Patio Paver Installation Tips Patio Paver Installation Tips

What You'll Need
Measuring tape
Mechanical splitter
Mechanical compactor
Spray paint
Safety glasses

Patio paver installation always improves the landscape, regardless of the location—inside or outside a building or house. Pavers are available in different materials, colors, shapes, and sizes. The most popular among them are the concrete patio pavers and the brick patio pavers.

Steps and Tips

After deciding on the style and material, buy the essential materials and tools from a home-garden center or a brick supplier. It is also possible to rent the machines.

Planning the layout: The first step of paving involves planning the layout and getting it drawn according to the measurements.

Cleaning and preparing the area: Cleaning, weeding, and leveling the area come next.

Outlining: Measure and mark out the area required for paving by using spray paint, about 8 inches outside the outline.

Creating gradient or slope: Creating a slope away from any buildings and walls is crucial.
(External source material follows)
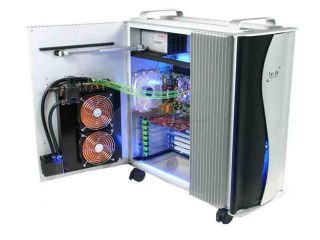 Thermaltake Tai Chi VB5001SNA Black/Silver Aluminum Extrusion ATX Full Tower Computer Case with liquid cooling system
So, create a slope that drops about 0.5 inch per foot to the place where you want to direct the water.

Calculating the amount of paver base material: Multiply the length and breadth of the area to be paved. Add 5 to 10 percent to the calculated amount so that you can cut a few pavers needed to accommodate any odd angles or curves.

Excavating: Estimate the depth of soil to be dug out. Place marked stakes around the perimeter and tie a string tightly connecting the stakes around the boundary line to facilitate leveling. After excavation, pack the soil down firmly with a hand tamp or compacting machine.

Preparing the dugout site: Spread a layer of base material and level it to uniform thickness throughout the excavated area. The base material could be either crushed sharp-edged stones of varying sizes or sharp gravel. The sharp edges of the stones help in easy compaction when pressure is exerted on them. It is recommended that the base material be spread out in 2 to 3 layers and compaction be performed between each layer using the machine; this increases the durability of the layers.

Edgings: Edge restraints are necessary to keep the pavers in place. Without them, the pavers will move off from their position; this can ruin the hours of work you have put in. Edgings are available in plastic, treated wood, steel, aluminium, and even pre-cast concrete. Lay out the sand over the base material as 1- to 1.5-inch-thick layers and pack them down firmly.

Laying pavers: Lay the pavers very close to each other according to the pattern chosen. Use a mechanical splitter, a saw, or even a chisel and hammer to cut the pavers into shape. Do not forget to protect your eyes with safety glasses.

    Concrete Patio Pavers

    Find out about any underground utilities being done in your locality before you begin to dig the site. Except for a few occasional changes, the process for laying the brick and concrete pavers is the same as discussed above. Do remember to dig the soil 12 inches outside the perimeter and fill the excavated area with crushed stone aggregates to about 5-inch thickness while making the excavation.